Study material>
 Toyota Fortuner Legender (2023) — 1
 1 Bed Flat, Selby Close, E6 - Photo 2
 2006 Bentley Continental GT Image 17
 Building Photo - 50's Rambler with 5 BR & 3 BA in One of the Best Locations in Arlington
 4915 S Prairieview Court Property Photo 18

Task to complete>
Please output the entire listing exactly as it stands.

Your solution>
 Toyota Fortuner Legender (2023) — 1
 1 Bed Flat, Selby Close, E6 - Photo 2
 2006 Bentley Continental GT Image 17
 Building Photo - 50's Rambler with 5 BR & 3 BA in One of the Best Locations in Arlington
 4915 S Prairieview Court Property Photo 18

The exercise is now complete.